# Task instructions
Reproduce exactly the lines from the one containing "Rumus Prediksi Sidney" through the last line of the records below, both included. Leave out any pictures.

───

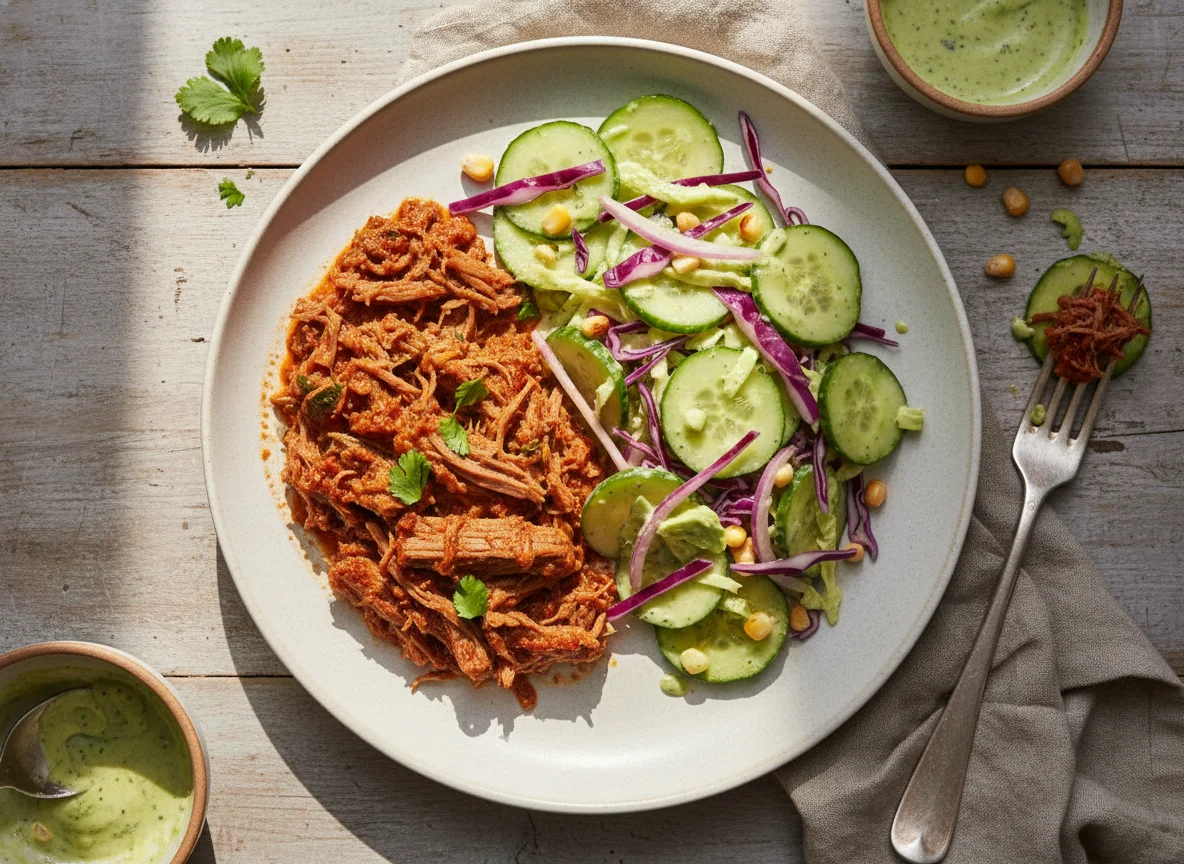 Carne desmechada con ensalada de pepino y repollo photo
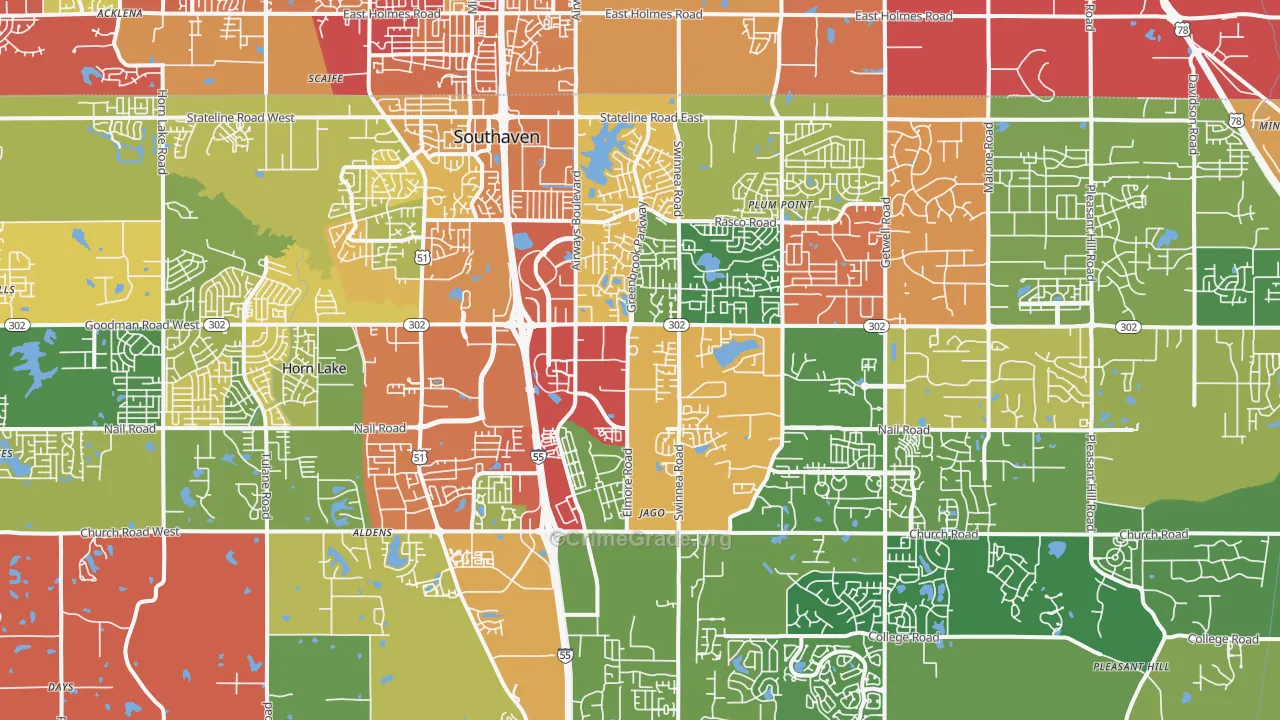 Southaven, MS Map of Theft Rates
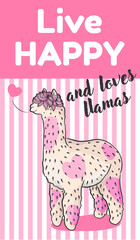 vector hand draw illustration of cute alpaca or llama on white background with pink stripes cartoon poster with lettering quote live happy loves llamas
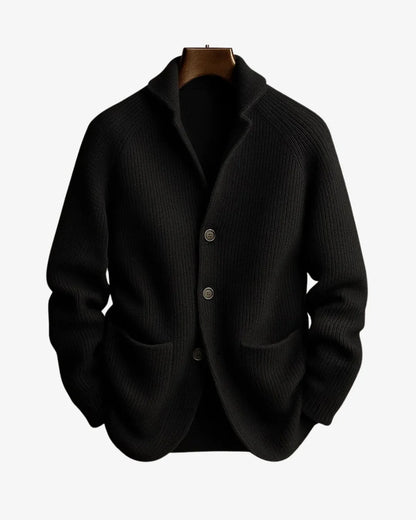 Elliot Black Cardigan Sweater | Tailored Button-Front, Structured Fit 4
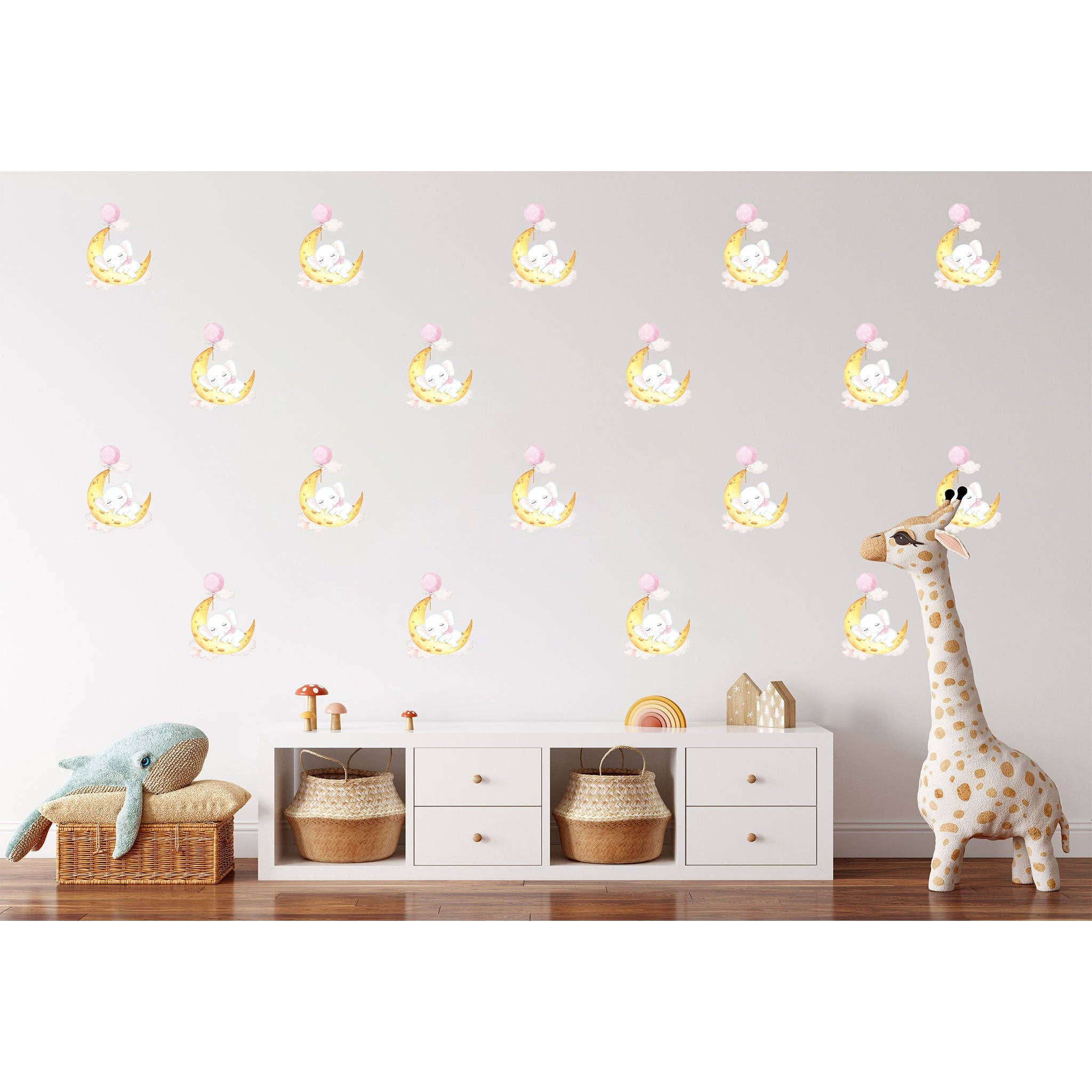 Hello Beautiful Designs - Vente Décoration murale – enfant et bébé - Adorable mini éléphant endormi sur la lune avec ballon rose flottant, autocollant mural réutilisable pour chambre d'enfant, décoration murale pour chambre d'enfant2
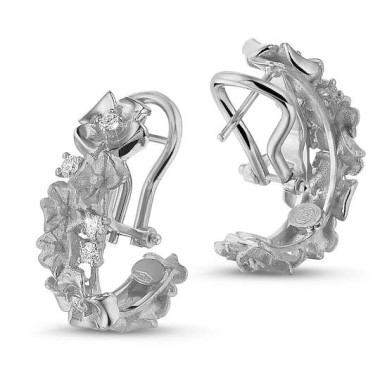 0.50 karaat diamanten design bloemenoorbellen in wit goud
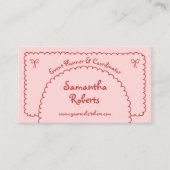 Retro Girly Rood Roze Hand getekend grillige Boho Visitekaartje (Voorkant)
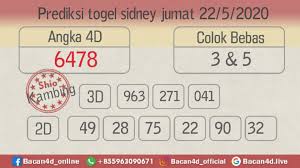 Rumus Prediksi Sidney Jumat Tanggal 22 05 2020 Tanggal Pengetahuan Rabu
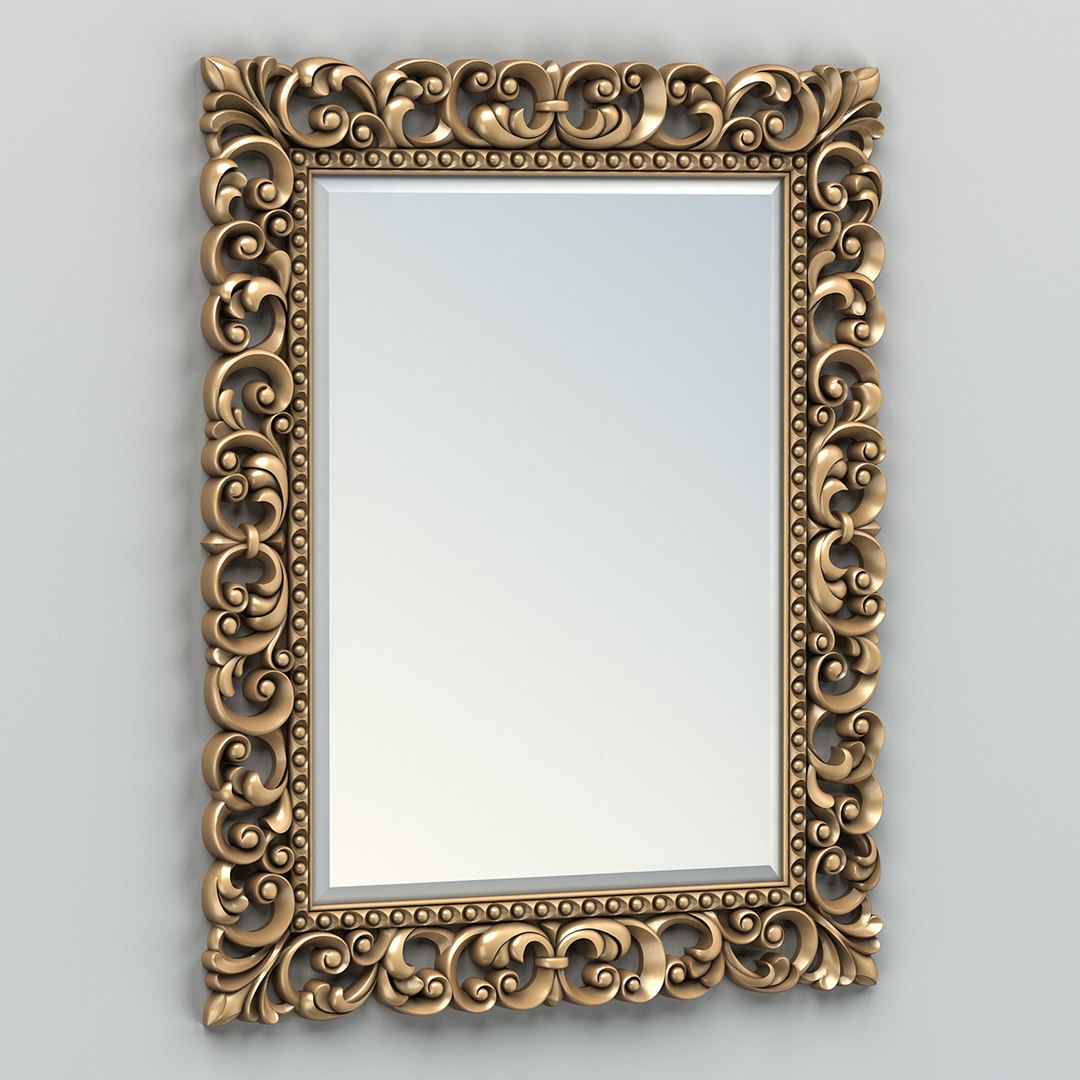 3d Carved Rectangle Mirror Frame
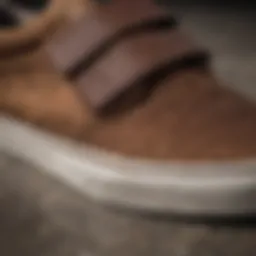 Close-up of the textured brown Velcro strap on Vans footwear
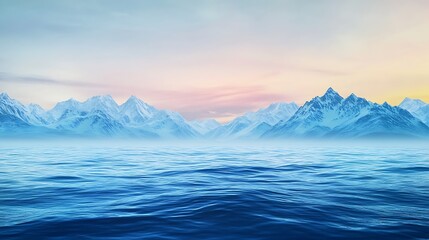 Fototapeta premium Serene Winter Landscape: Misty Mountains at Dawn AI Generated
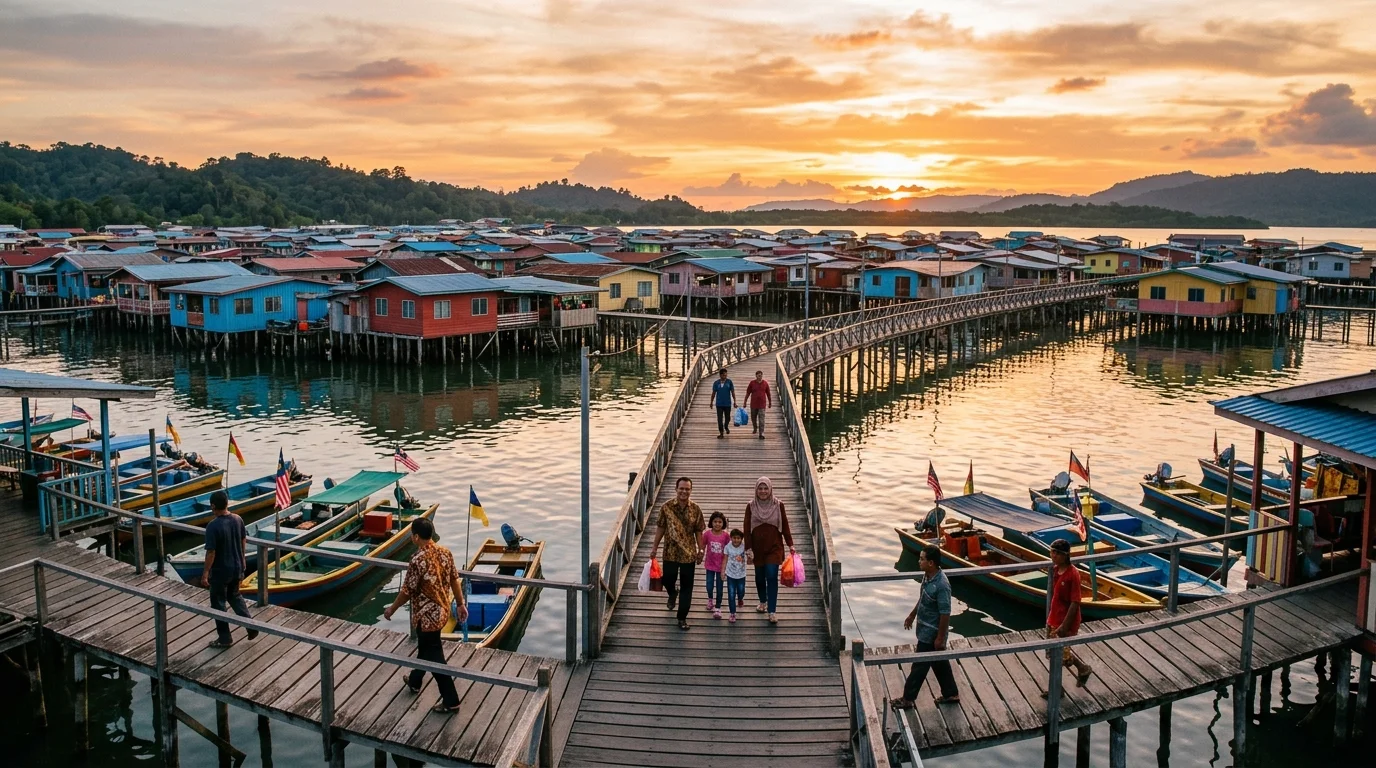 Sim Sim Water Village Sandakan — kampung air terbesar Sabah percuma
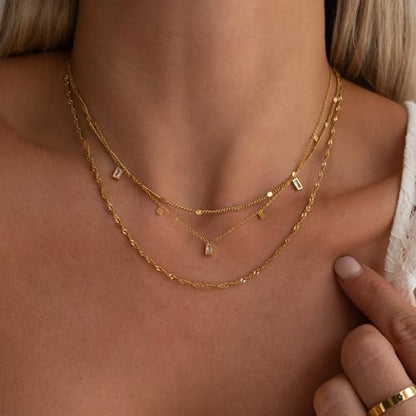 Layered Necklaces for Women, Dainty Gold Necklace Stack 14k Gold Plated Layering CZ Chain Choker Necklaces for Women Trendy Simple Non Tarnish Gold Necklaces Set Fashion Bridal Prom Jewelry - color: set1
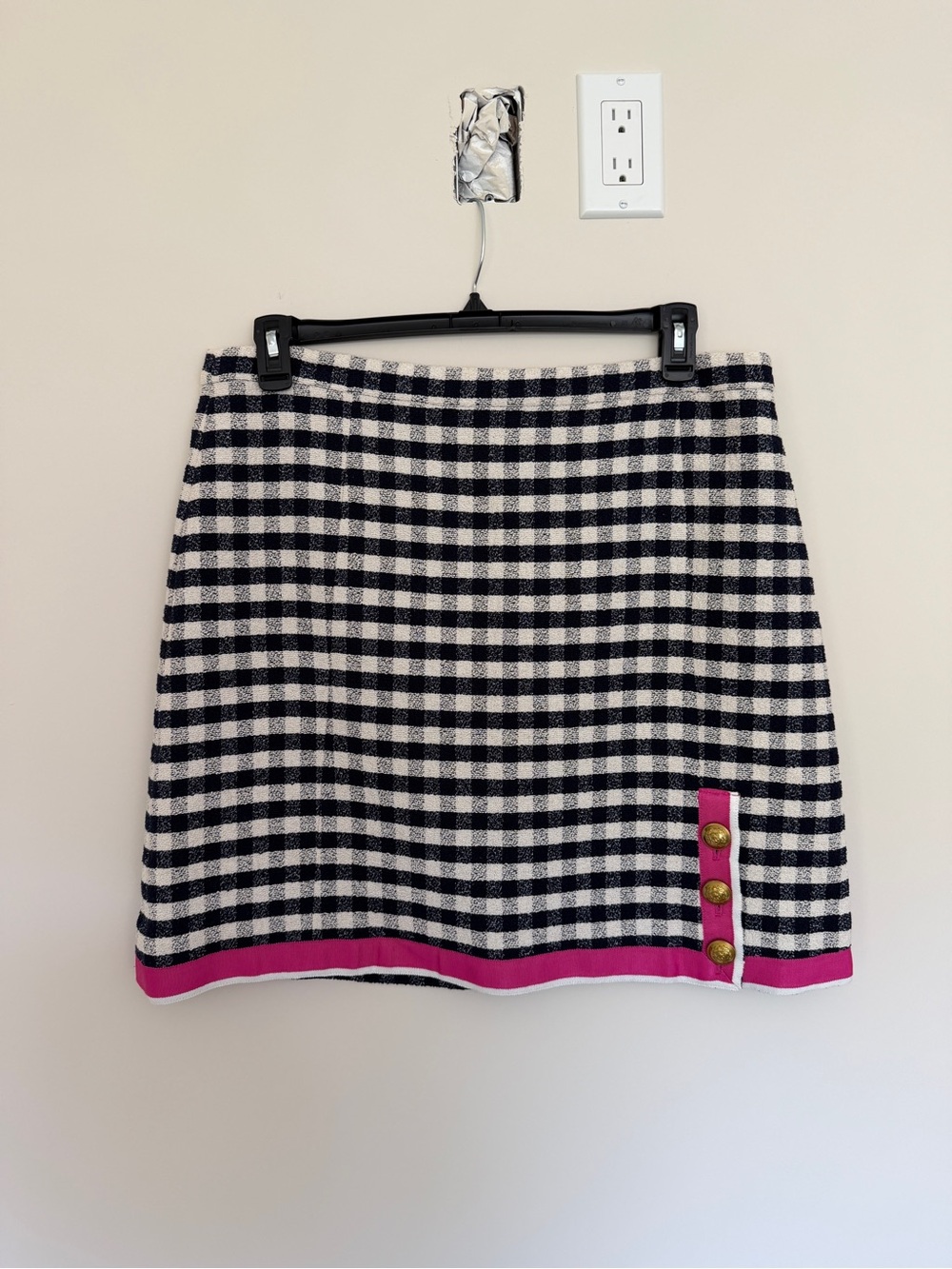 J. Crew Grosgrain-Trim Mini Skirt in Gingham Tweed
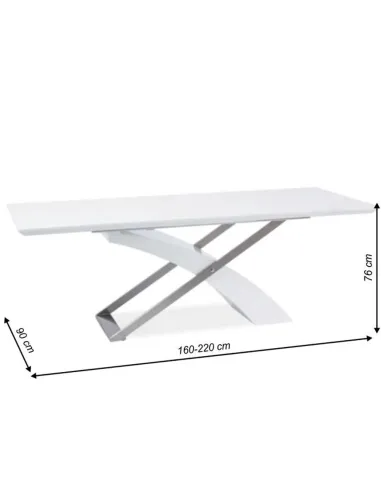 Masă extensibilă KROS bucătărie, 160-220x90 cm, MDF alb/metal | MobilaOK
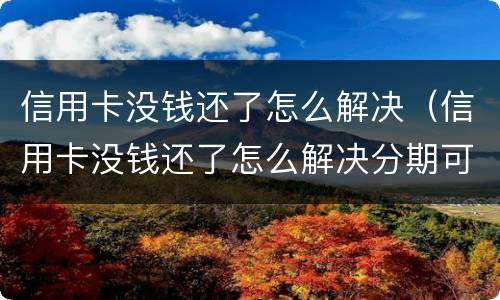 信用卡没钱还了怎么解决（信用卡没钱还了怎么解决分期可以吗）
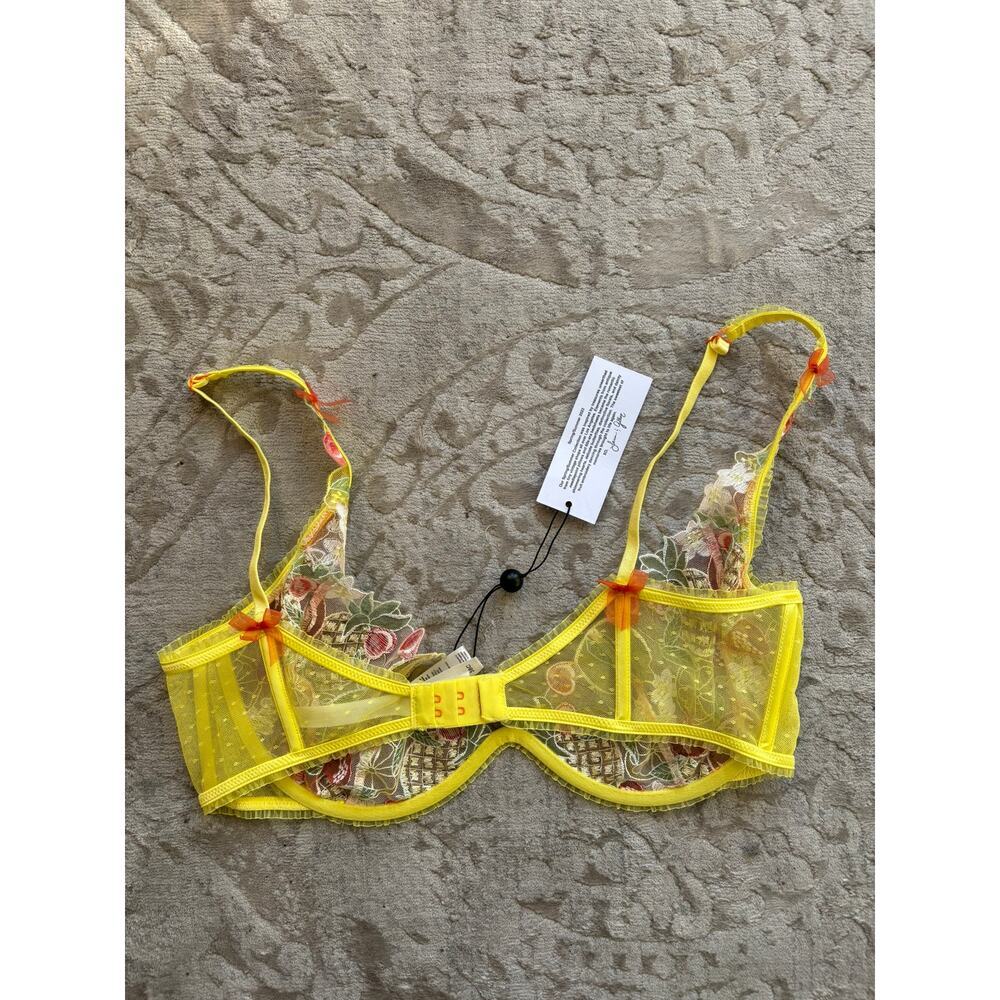 For Love & Lemons Mirabelle Underwire Bra Yellow Embroidered Sheer 38C NWT - Picture 6 of 7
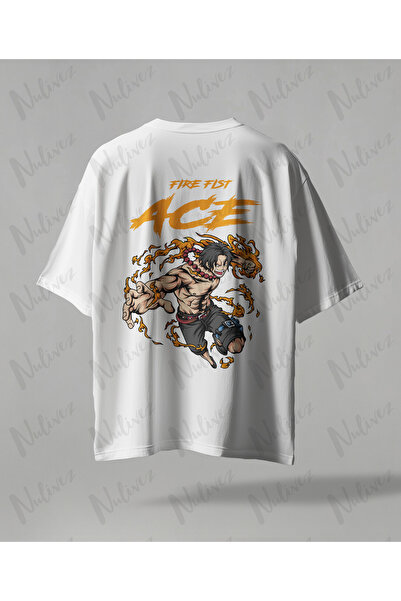 Nulivez One Piece Ace Anime Printed Oversize Unisex T-Shirt Fire Fist Design ...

───

# Solution to this exercise
 Rumus Prediksi Sidney Jumat Tanggal 22 05 2020 Tanggal Pengetahuan Rabu
 3d Carved Rectangle Mirror Frame
 Close-up of the textured brown Velcro strap on Vans footwear
 Fototapeta premium Serene Winter Landscape: Misty Mountains at Dawn AI Generated
 Sim Sim Water Village Sandakan — kampung air terbesar Sabah percuma
 Layered Necklaces for Women, Dainty Gold Necklace Stack 14k Gold Plated Layering CZ Chain Choker Necklaces for Women Trendy Simple Non Tarnish Gold Necklaces Set Fashion Bridal Prom Jewelry - color: set1
 J. Crew Grosgrain-Trim Mini Skirt in Gingham Tweed
 Masă extensibilă KROS bucătărie, 160-220x90 cm, MDF alb/metal | MobilaOK
 信用卡没钱还了怎么解决（信用卡没钱还了怎么解决分期可以吗）
 For Love & Lemons Mirabelle Underwire Bra Yellow Embroidered Sheer 38C NWT - Picture 6 of 7
 Nulivez One Piece Ace Anime Printed Oversize Unisex T-Shirt Fire Fist Design ...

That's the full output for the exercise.